A bestselling book in the USA analyzes such trends – co-authored by the former director of the National Cyber Security Center of the USA who is now president of the Internet Corporation of Assigned Names and Numbers – ICANN – the organization that monitors and coordinates the highly decentralized operations of the Internet – under the title The Starfish and the Spider: The Unstoppable Power of Leaderless Organizations (originally it had been planned to be published as “The Decentralized Revolution”):
IT’S A STARFISH WORLD AND MOST PEOPLE DON’T EVEN REALIZE IT
One thing that business, institutions, governments and key individuals will have to realize is spiders and starfish may look alike, but starfish have a miraculous quality to them. Cut off the leg of a spider, and you have a seven-legged creature on your hands; cut off its head and you have a dead spider. But cut off the arm of a starfish and it will grow a new one. Not only that, but the severed arm can grow an entirely new body. Starfish can achieve this feat because, unlike spiders, they are decentralized; every major organ is replicated across each arm.

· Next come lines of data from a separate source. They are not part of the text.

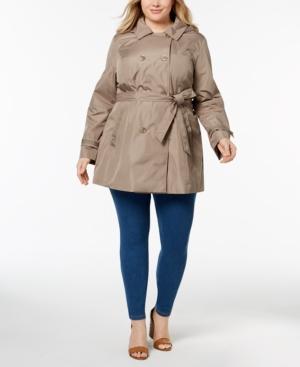 Celebrity Pink Trendy Plus Size Double-breasted Hooded Trench Coat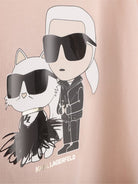 T-shirt per bambina Karl Lagerfeld Kids rosa con stampa grafica Z31308 471 KARL LAGERFELD KIDS 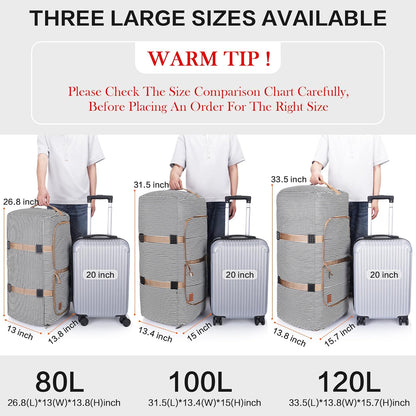 80L Duffle Bag for Travel, Large Foldable Waterproof Travel Duffel Bags Weekender Overnight Bag for Men and Women with Shoe Compartment (Stripe)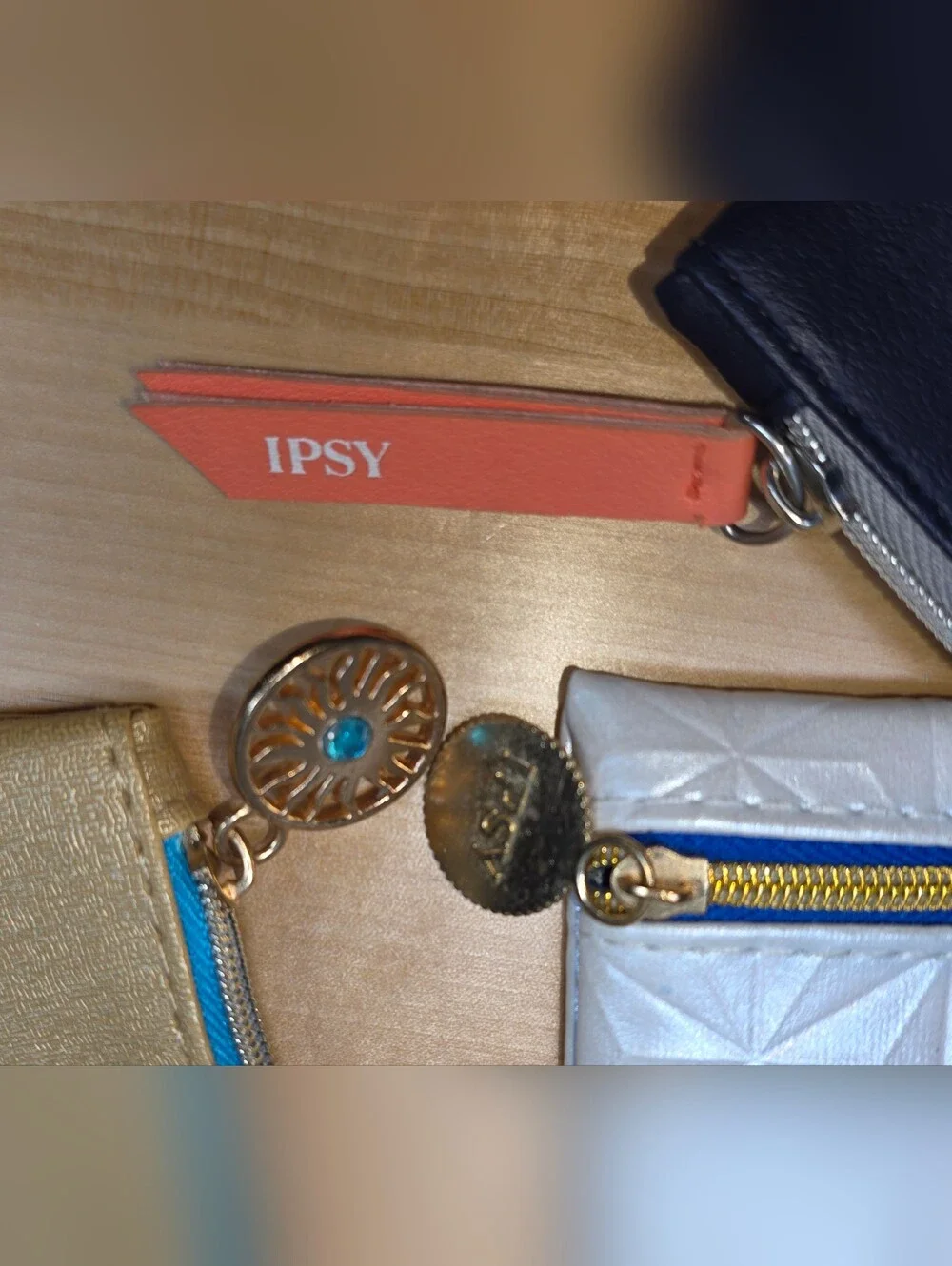 Lot of 3 Ipsy Makeup Bags / Pouches - White Quilted, Gold Metallic, Multi-Color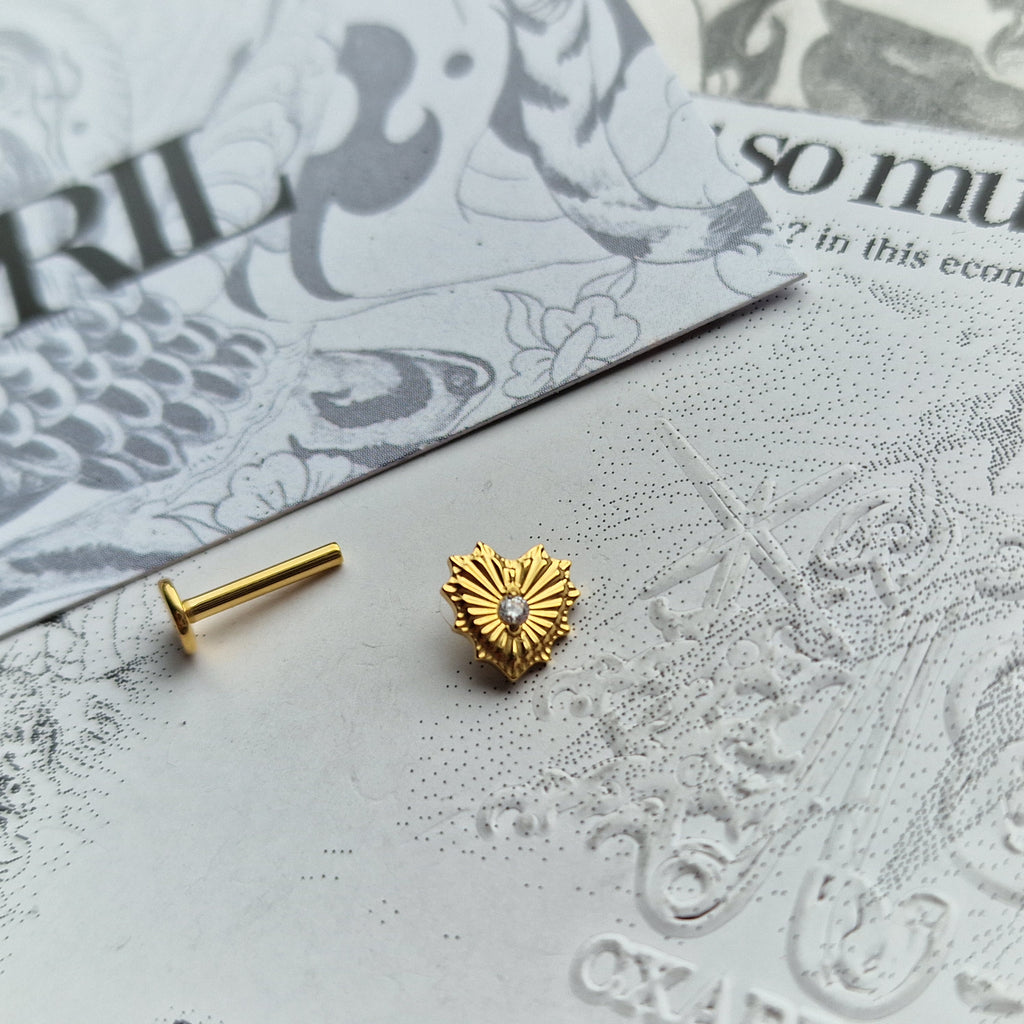 Sacred Heart Earring | Gold Titanium Body Jewellery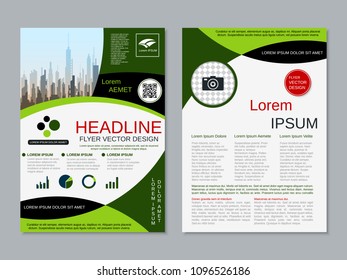 Modern geometric style business two-sided flyer, booklet, brochure cover, annual report vector design templat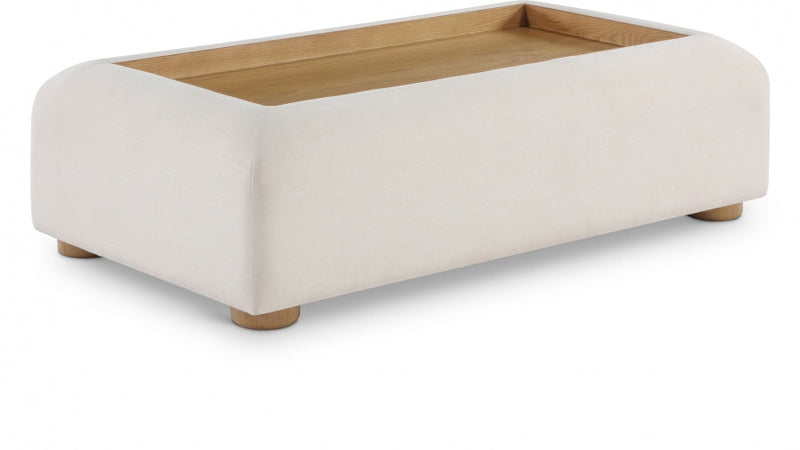 Diana Linen Textured Fabric And Wood Coffee Table in Cream - 236Natural-C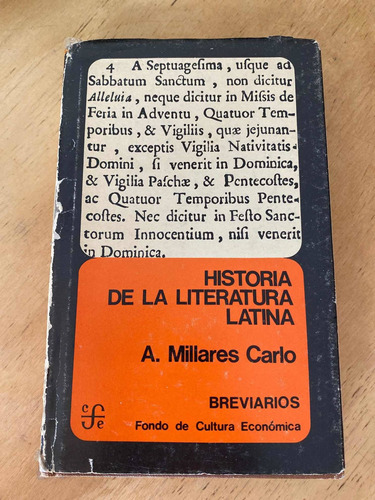 Historia De La Literatura Latina - Millares Carlo, A.
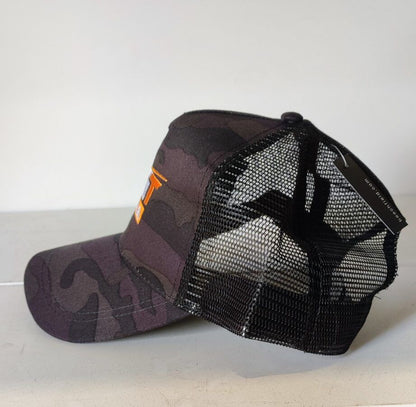 NGT Latvia LOGO kamuflāžas cepure ar sietu, Camo trucker cap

But starfish don’t just exist in the animal kingdom. Starfish organizations are taking society and the business world by storm, and are changing the rules of strategy and competition. Like starfish in the sea, starfish organizations are organized on very different principles than we are used to seeing in traditional organizations. Spider organizations are centralized and have clear organs and structure. You know who is in charge. You see them coming.
Starfish organizations, on the other hand, are based on completely different principles. They tend to organize around a shared ideology or a simple platform for communication – around ideologies like Al Qaeda or Alcoholics Anonymous. They arise rapidly around the simplest ideas or platforms. Ideas or platforms that can be easily duplicated. Once they arrive they can be massively disruptive and are here to stay, for good or bad. And the Internet can help them flourish.
So in today’s world starfish are starting to gain the upper hand.
Does this insight also have a meaning for the future of Cambodia? Will it move towards more and more centralized power – or will the decentralization and deconcentration process, operated as part of the administrative reforms, get more weight? A statement by the spokesperson of the Ministry of Interior from 2005 seems to aim at this for the structures of public administration, when he says:
“In this regard, the provincial/municipal governor is not the controller of commune/Sangkat. Rather, the provincial/municipal governor plays the role of a facilitator and coordinator to support communes/Sangkats.”
But the process, documented in the independent news website K7, is dragging on – naturally – very long, some say too slowly – though moving into the right direction.
The vision of the starfish, the aspirations of the organized civil society, and “the people” tend, of course, to move sometimes faster, and further, and into directions that cannot be foreseen.